1.4.4. Strumento di misurazione secondario: Pittsburg Sleep Quality Index (PSQI). Strumento di misurazione secondario: verrà utilizzato il PSQI. Il PSQI è stato sviluppato da Buysse et al. nel 1989 e la sua validità e affidabilità nel nostro paese sono state eseguite da Ağargün et al. La scala è composta da 24 domande. 19 delle domande erano domande di autovalutazione. A cinque domande risponde il coniuge o un amico della persona. Queste cinque domande vengono utilizzate per informazioni cliniche e non sono incluse nel punteggio. Le domande di autovalutazione includono vari fattori legati alla qualità del sonno. I 18 item valutati sono stati raggruppati in 7 punteggi componenti. Alcuni componenti sono costituiti da un'unica sostanza, mentre altri sono ottenuti raggruppando più sostanze. Ogni elemento viene valutato con un punteggio compreso tra 0 e 3.

La scala della qualità del sonno di Pittsburg ha 7 componenti:

Componente 1- Qualità soggettiva del sonno Componente 2- Latenza del sonno Componente 3- Durata del sonno Componente 4- Efficienza abituale del sonno Componente 5- Disturbi del sonno Componente 6- Utilizzo di sonniferi Componente 7- Disfunzione diurna I punteggi dei 7 componenti della scala vengono calcolati e sommati per ottenere un punteggio totale della scala. Un punteggio totale elevato indica una scarsa qualità del sonno. La scala indica la presenza o l'assenza di disturbi del sonno o la prevalenza dei disturbi del sonno. Un punteggio totale della scala PSQI pari o superiore a 5 indica una scarsa qualità del sonno. Il valore α di Cronbach dei sette punteggi delle componenti del PDQI è risultato pari a 0,83. Il PSQI sarà valutato 2 volte in totale, al basale e alla settimana 4.

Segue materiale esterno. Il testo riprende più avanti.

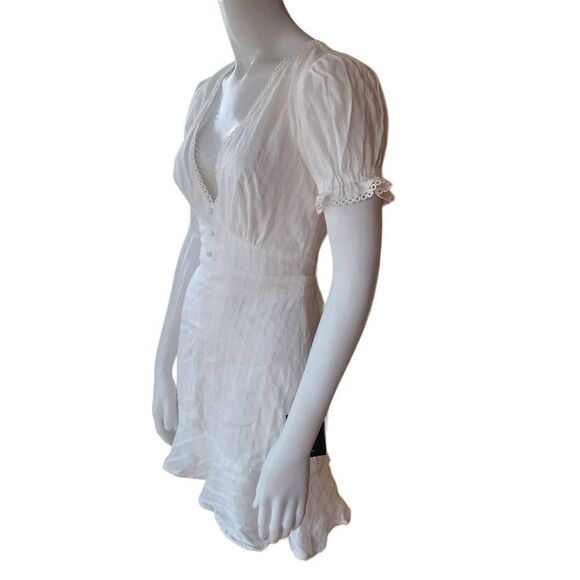 NWT LuLus Vibing in Venice White Ruffled Puff Sleeve Mini Dress (XS) - Picture 7 of 11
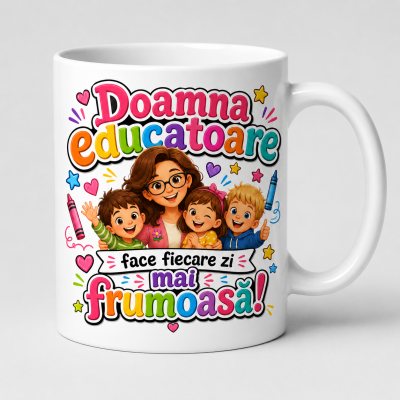 Cana personalizata educatoare cu textul Educatia incepe cu o inima mare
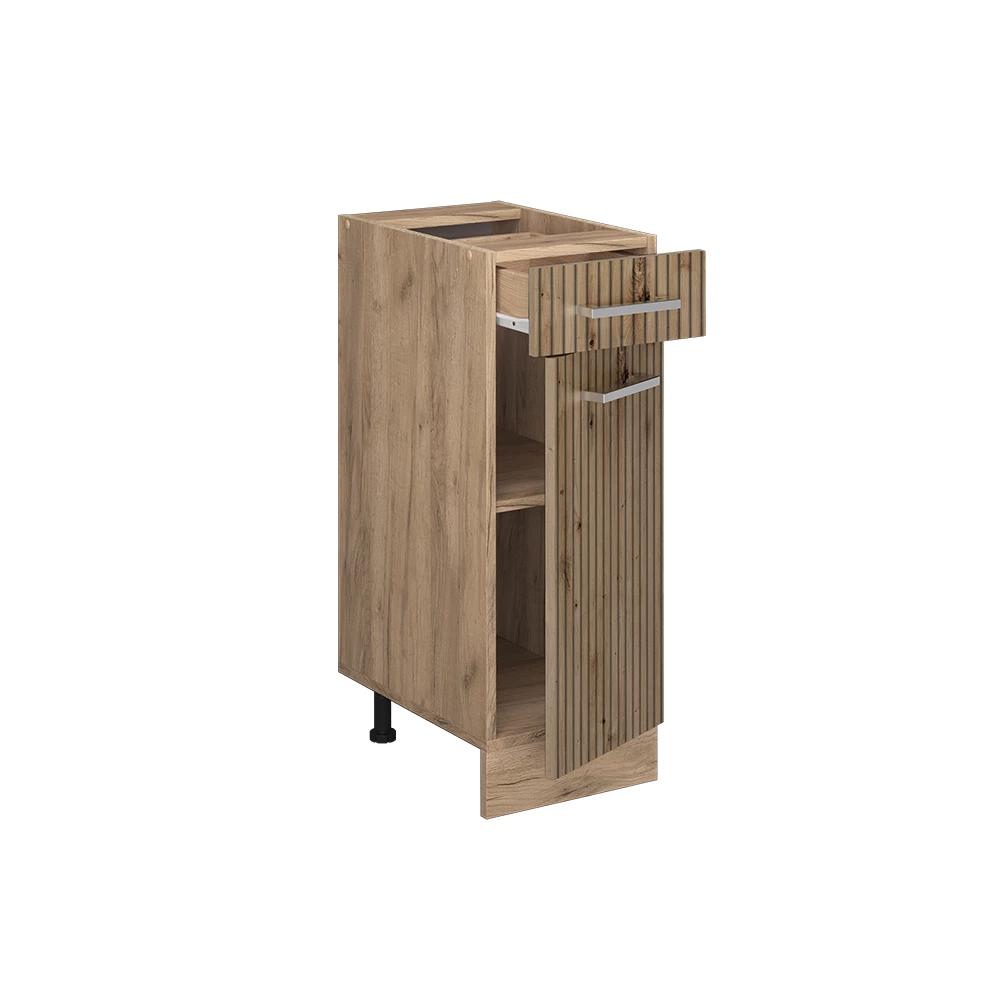 Vicco Mobiletto base per cucina Rovere artigianale 30 cm senza piano di lavoro, R-Line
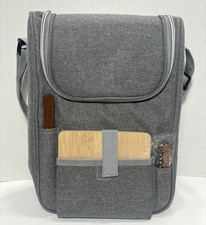 Truvelli Gray Insulated Wine and Cheese Tote Bag: Portable for 2 Bottle-6 pieces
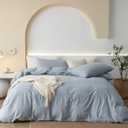 JIYUAN Queen Size Duvet Cover Set, 3-Piece - 100% Washed Cotton, Linen-Like Soft & Breathable with Zipper Closure, Includes 90x90 Inch Cover & 2 Pillowcases, Heathered Light Blue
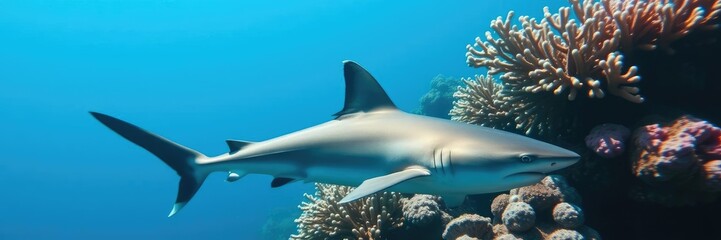 Fototapeta premium Blacktip reef shark swimming near coral in clear blue water, ocean creature, swim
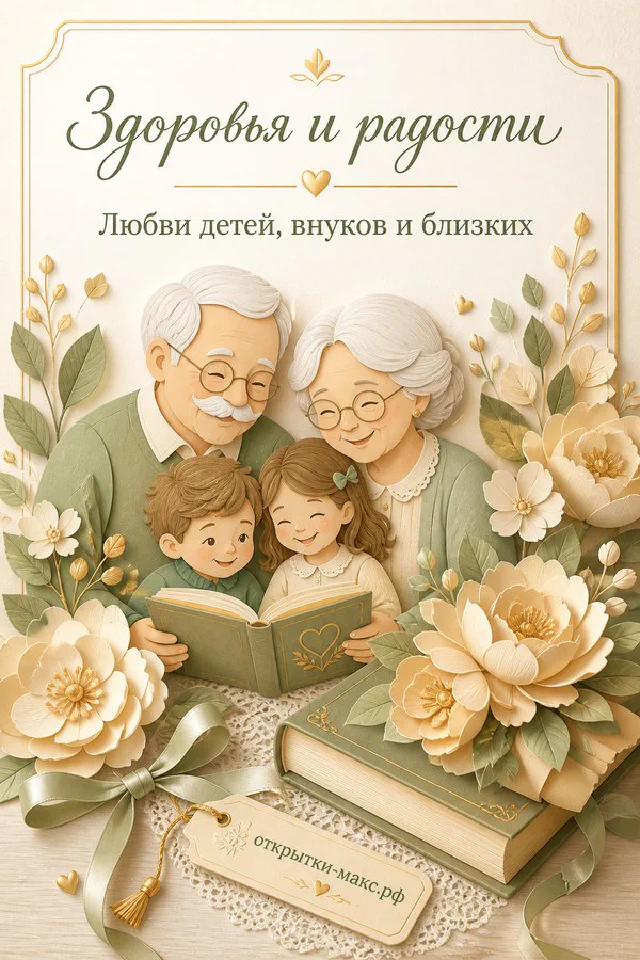 Бумажный коллаж с улыбающимися бабушкой и дедушкой в окружении внуков, цветов и семейной книги — вариант 2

1.4.5. Strumento di misurazione secondario: scala della qualità della vita della sindrome dell'intestino irritabile (IBSQOL) La scala IBS-QOL sarà utilizzata come altro strumento di misurazione secondario. È stato sviluppato da Patrick et al. (1998) per valutare la qualità della vita nei pazienti con IBS. La scala preparata per i pazienti con IBS è di tipo Likert a 5 punti ed è composta da un totale di 34 item e 8 sottodimensioni. Le sottodimensioni della scala sono disforia, attività, immagine corporea, ansia per la salute, evitamento del cibo, reazione sociale, relazione sessuale e sociale. Il punteggio totale della scala si ottiene sommando i punteggi ottenuti da 34 item, mentre i punteggi delle sottodimensioni si ottengono sommando ciascuna sottodimensione separatamente. La sottodimensione e i punteggi totali della scala IBS-QOL vanno da 0 a 100. Punteggi più alti indicano una diminuzione della qualità della vita. I coefficienti α di Cronbach ottenuti dalle dimensioni totali e secondarie della scala, la cui validità e affidabilità sono state condotte da Özgürsoy Uran et al. nel nostro Paese, sono stati i seguenti: disforia: 0,93, attività: 0,92, immagine corporea: 0,79, ansia per la salute: 0,84, evitamento alimentare: 0,82, reazione sociale: 0,82, sessuale: 0,84, relazione sociale: 0,76 e punteggio totale: 0,97: 0,79, preoccupazione per la salute: 0,84, evitamento alimentare: 0,82, reazione sociale: 0,82, sessuale: 0,84, relazione sociale: 0,76 e punteggio totale: 0,97. La scala IBS-QOL sarà valutata 2 volte in totale, al basale e alla settimana 4.